“You’re all in, aren’t you, old thing?” he murmured sympathetically. Then he glanced up at Jean, who was still sitting in the cart, feeling rather as though the end of the world had occurred and, in some surprising fashion, left her still cumbering the earth.
“She’s pretty well run herself out,” he remarked. “We shan’t have any more trouble going home”—smiling briefly. “I hope not,” answered Jean a trifle flatly.
“You all right?”
She nodded.
“Yes, thank you. You must be an excellent whip,” she added. “I thought the mare would never stop.”
Probably even Jean hardly realised the fineness of the horsemanship of which she had just been a witness—the judgment and coolness Burke had evinced in letting the mare spend the first freshness of her strength before he essayed to check her mad pace; the dexterity with which he had somehow contrived to keep her straight; and finally, the consummate skill with which, that last half-mile, he had played her mouth, rejecting the dead pull on the reins—the instinctive error of the mediocre driver—which so quickly numbs sensation and neutralises every effort to bring a runaway to a standstill.
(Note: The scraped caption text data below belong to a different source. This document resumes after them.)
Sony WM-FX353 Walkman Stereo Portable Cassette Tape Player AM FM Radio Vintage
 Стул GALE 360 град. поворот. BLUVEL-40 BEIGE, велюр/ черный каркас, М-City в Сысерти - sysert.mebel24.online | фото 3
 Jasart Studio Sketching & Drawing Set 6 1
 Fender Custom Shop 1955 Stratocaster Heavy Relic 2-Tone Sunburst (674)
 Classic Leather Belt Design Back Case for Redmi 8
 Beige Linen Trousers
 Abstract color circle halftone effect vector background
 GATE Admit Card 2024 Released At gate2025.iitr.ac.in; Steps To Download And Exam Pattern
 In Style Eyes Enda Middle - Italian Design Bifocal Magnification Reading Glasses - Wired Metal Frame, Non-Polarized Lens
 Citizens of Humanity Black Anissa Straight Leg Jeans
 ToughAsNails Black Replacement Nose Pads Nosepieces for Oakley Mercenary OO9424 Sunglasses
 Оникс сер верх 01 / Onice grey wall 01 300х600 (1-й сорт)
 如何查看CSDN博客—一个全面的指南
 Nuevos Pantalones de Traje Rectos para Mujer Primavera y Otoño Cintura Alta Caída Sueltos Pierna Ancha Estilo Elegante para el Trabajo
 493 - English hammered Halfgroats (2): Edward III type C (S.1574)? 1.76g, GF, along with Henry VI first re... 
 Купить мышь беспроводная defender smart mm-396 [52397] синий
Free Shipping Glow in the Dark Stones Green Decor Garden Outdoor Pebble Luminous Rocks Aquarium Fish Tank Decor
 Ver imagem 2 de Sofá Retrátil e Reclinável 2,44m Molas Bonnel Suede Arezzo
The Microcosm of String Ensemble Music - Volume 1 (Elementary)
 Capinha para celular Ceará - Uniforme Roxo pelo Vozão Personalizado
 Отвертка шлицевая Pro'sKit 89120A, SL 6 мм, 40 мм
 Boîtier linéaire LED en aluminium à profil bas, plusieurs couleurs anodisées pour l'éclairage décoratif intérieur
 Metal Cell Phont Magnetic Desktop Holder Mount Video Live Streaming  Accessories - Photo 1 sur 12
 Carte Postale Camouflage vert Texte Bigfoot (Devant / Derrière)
“Yes. I rather thought our number was up,” agreed Burke absently. He was passing his hands feelingly over the mare to see if she were all right, and suddenly, with a sharp exclamation, he lifted one of her feet from the ground and examined it.
“Cast a shoe and torn her foot rather badly,” he announced. “I’m afraid we shall have to stop at the next village and get her shod. It’s not a mile further on. You and I can have tea at the inn while she’s at the blacksmith’s.”
With a final caress of the steaming chestnut neck, he came back to the side of the cart, reins in hand.
“Can you drive her with a torn foot?” queried Jean.